In their first game of the season, the Wolverines blew a 3-2 lead late in the third period and allowed Union to walk away with a come-from-behind victory, setting the tone for a recent stretch in which many games have been decided by one goal.
Junior forward Dexter Dancs notices the intensity shift in the arena atmosphere from the first to the third period. For him and his fellow Wolverines, though, they strive for the same approach throughout all three periods. Dancs will only occasionally look up at the scoreboard during games, but when he does, he seems to ignore it. He has a game to win, a backcheck to induce and a puck to control.

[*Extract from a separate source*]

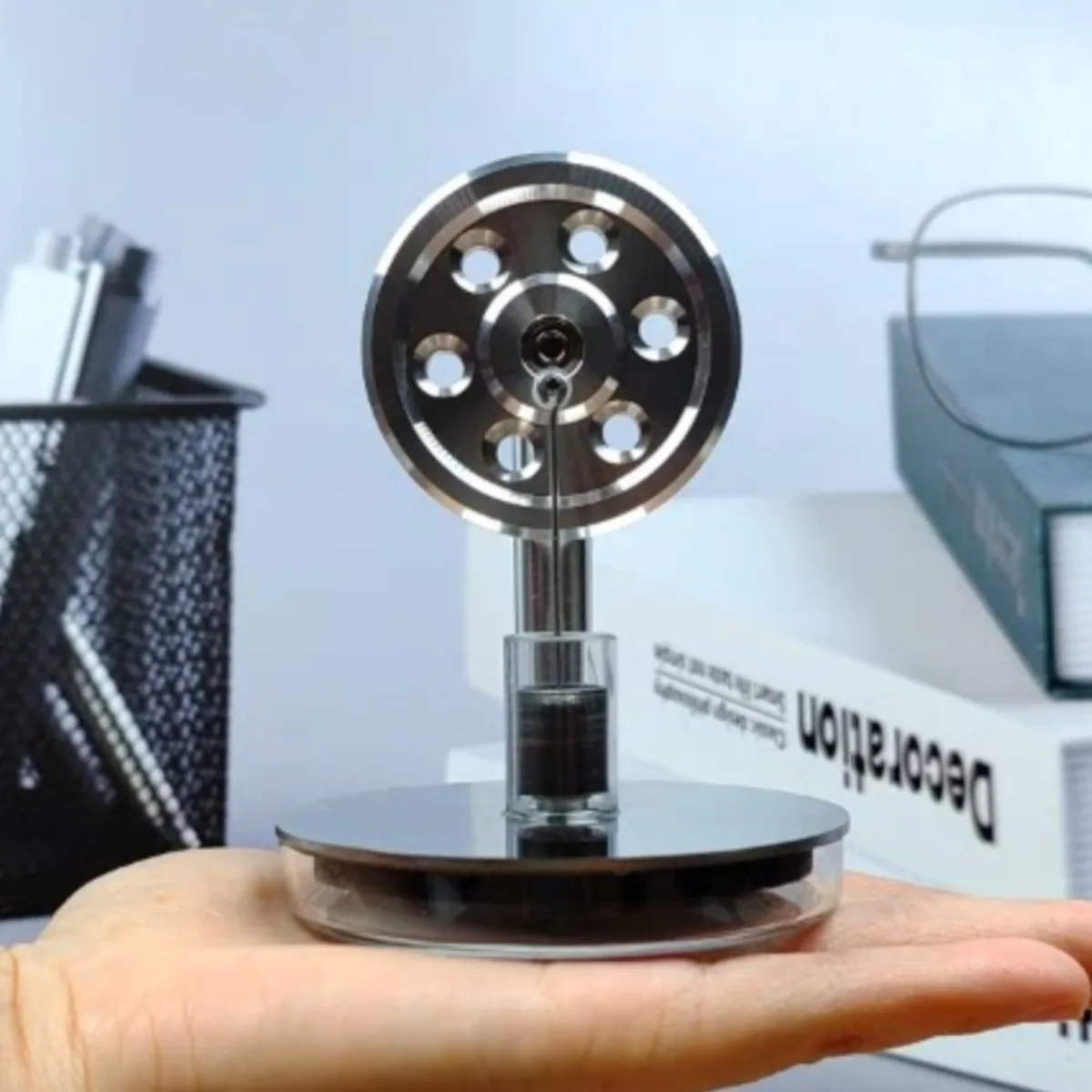 Low Temperature Differential Stirling Engine Model Steam Power Physics Experiment Teaching Aid Novel Unique Toy Gift
Low Temperature Differential Stirling Engine Model Steam Power Physics Experiment Teaching Aid Novel Unique Toy Gift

“You’re just playing and then they’re times when you’re in a tight game and it’s 15 minutes left in the game, and then you look up, and there’s three minutes left in the game and it’s still tight,” Dancs said.
“If it comes down to crunch time with five minutes left in the game … then yeah, it starts to get intense and really fun.”
For freshman goaltender Hayden Lavigne, who allowed a game-tying goal Friday night before Lockwood bailed him out with a minute left, these late-third-period scores alter his approach. Rather than thinking of the final outcome for these few minutes, Lavigne assesses the opponent’s opportunities shot by shot. And in a season in which the Wolverines have struggled to clear the puck out of their own zone, Lavigne has faced his share of chances.
To prepare himself for these intense moments, Lavigne has developed techniques to relax himself in heightened moments when a single mishap could lead to a loss.
“You have to shake it off right away, because then the last three minutes of the game become that more important,” Lavigne said. “Instead of it being a tying goal, it becomes a losing goal. My key thing is just breathing deep. (It) calms down my whole body and my mind at the same time.”
Lavigne takes advantage of late-game stoppages to speak to his blueliners. They speak about strategy in their own zone and share tips on how to combat the opposition’s top scorers. These conversations are pivotal, because the Wolverines have had to adapt a more defensive-minded approach after the departure of nearly two-thirds of its goals to graduation or the NHL. Even Berenson acknowledged his team lacks depth in certain areas this season.
While the goaltending has kept Michigan close late in games, Berenson believes the Wolverines must improve their shots against.
“We’ve been outshot in every game, particularly in the third period when we’ve had the lead,” Berenson said. “And the third period was one of our best periods last year.”
This weekend, Michigan plays Vermont, the seventh-ranked scoring team that averages four goals per game. Its most prolific period: the third, in which it has netted eight goals.
Should the Catamounts score a goal in the third period, Dancs might even enjoy the intense atmosphere, and Lavigne might resort to his breathing exercises.
Maybe, the Wolverines will need a late goal. They’ve shown they can get one.